Grande journée. Un mardi de rafales de vents fous et de bourrasques et de neige qui vole et virevolte et de courants d'air glacés, comme liquides, presque marins. On aurait dit que la mer était dans le ciel, d'un bleu coupant ; et les nuages avaient la forme et la taille de Moby Dick. Le givre fondait et repoussait dans les vitres de la maison aussi vite que la barbe dans le visage d'un homme. Et puis en sortant, j'ai trouvé un petit minou perdu [ou abandonné] dans le stationnement, à -26 C.

Pendant ce temps-là, ça brassait encore chez mes grands cousins les Mohawks de Kanesatake. Envie de dire ce que j'en pense, sauf que... Et pendant ce temps-là, à l'autre bout du ciel, quelqu'un a trouvé des beaux cailloux sur Vénus. Et toujours pendant ce temps-là, les caméras de la planète étaient braquées sur Mars. Ça fait que personne a rien vu. Quelqu'un pourrait-il m'expliquer comment il se fait que le monde tourne à l'envers ?
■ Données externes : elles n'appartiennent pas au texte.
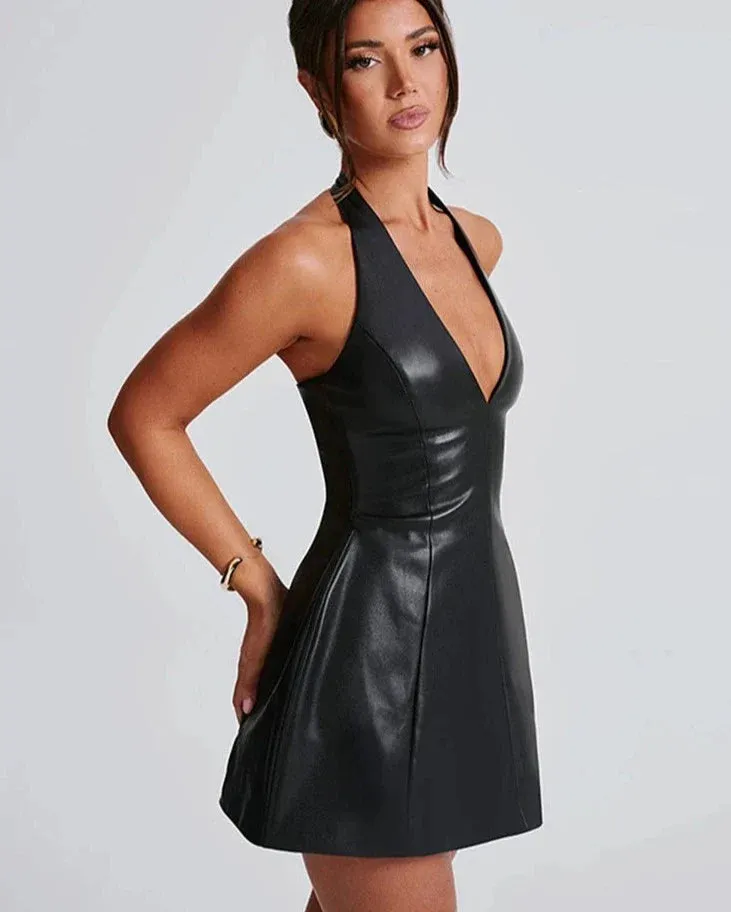 PU Leather Black Halter Graceful Deep Neck Mini Dress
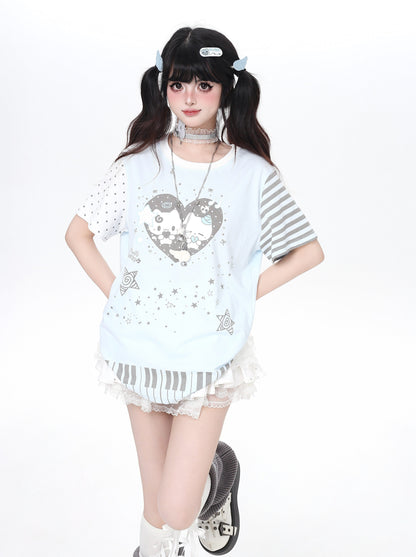 ネコピアノプリントTシャツ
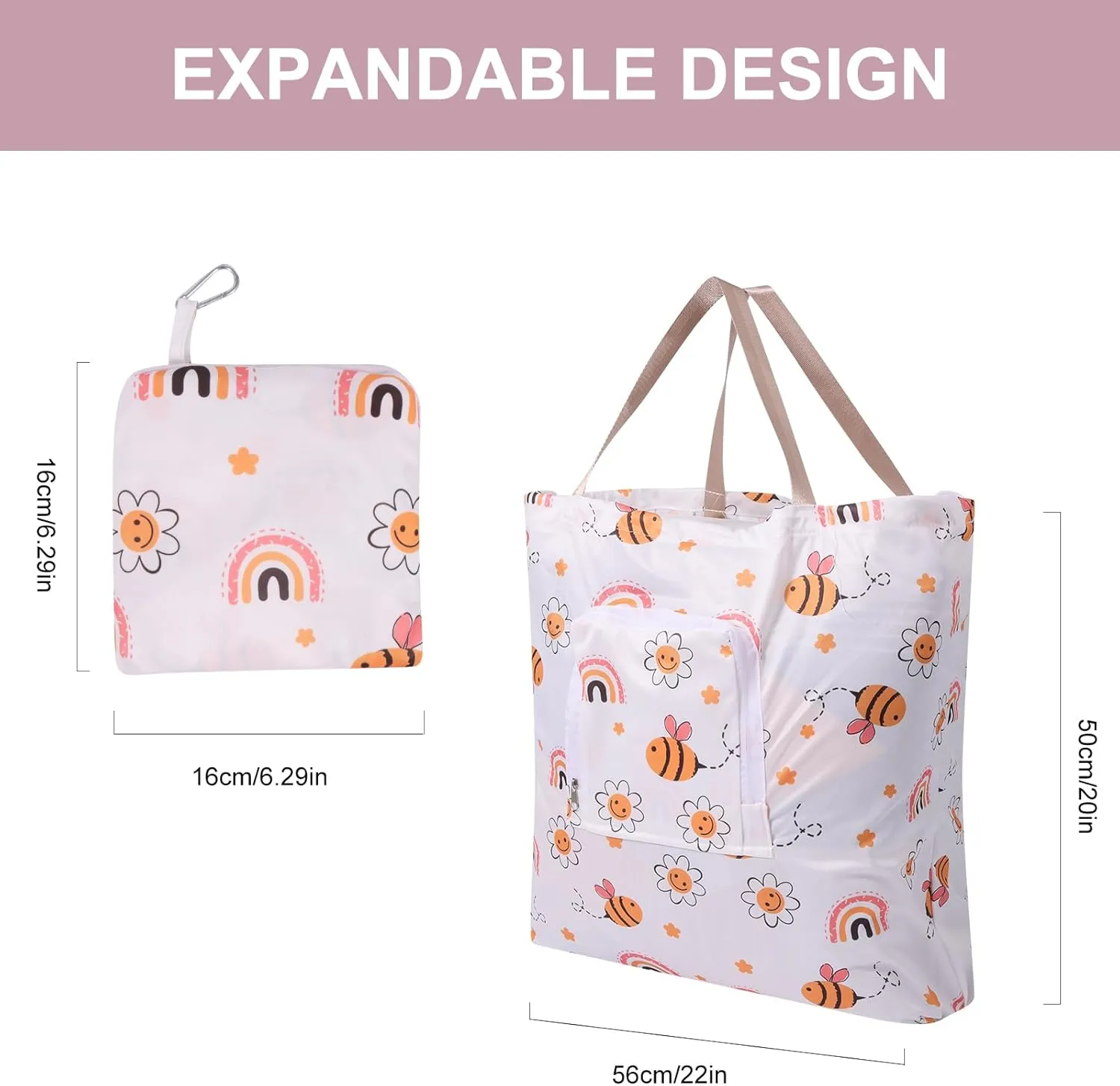 2 Pack Travel Laundry Bag with Handle and Drawstring, Expandable Foldable Dirty Clothes Bags with Hook and Zipper, 23*20 inch, Cartoon 1 White   Pink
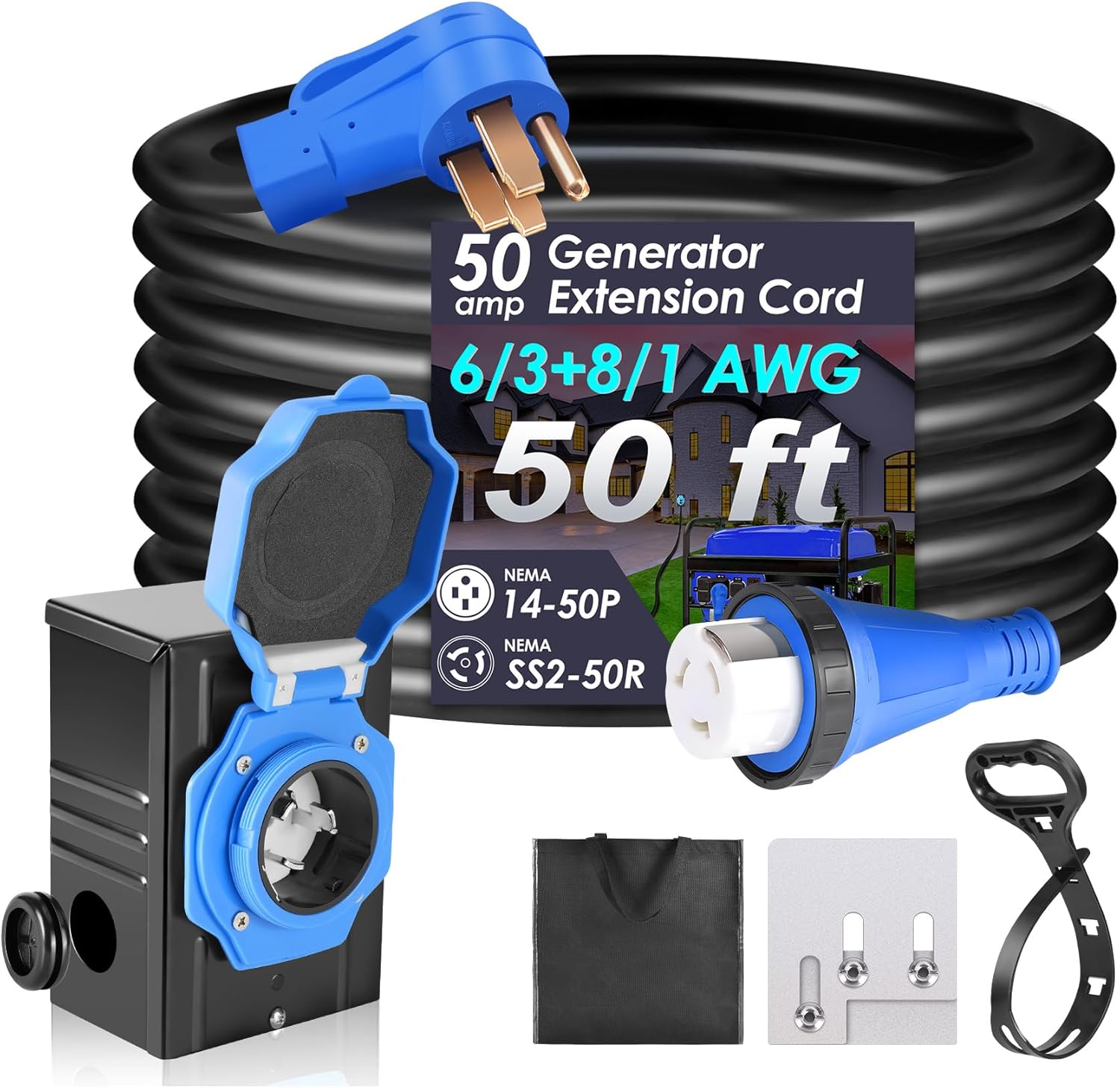 Seeutek 50 Amp Generator Cord, 4 Prong 50 FT Generator Extension Cord with Pre-drilled Power Inlet Box & Interlock Kit, NEMA 14-50P/SS2-50P Functional Cable, High Conductivity, ETL Listed 50ft 50 AMP (Blue Plug)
Quoi qu'il en soit, j'ai reçu en cadeau une magnifique photo d'orchidées, mes belles ténébreuses nébuleuses. Ces fleurs sont identiques à celles qui ont fleuri mon anniversaire en décembre, cadeau de A., et qui embaument encore la maison. Reçu aussi des textes magnifiques pour Les Carnets rouges. L'un est de la jeune Alice Farwell, et l'autre de madame Alida d'Irouaz. À paraître d'ici la fin de cette semaine. Merci mesdames. Comme quoi certains jours, quand c'est le 13 janvier, tout peut arriver.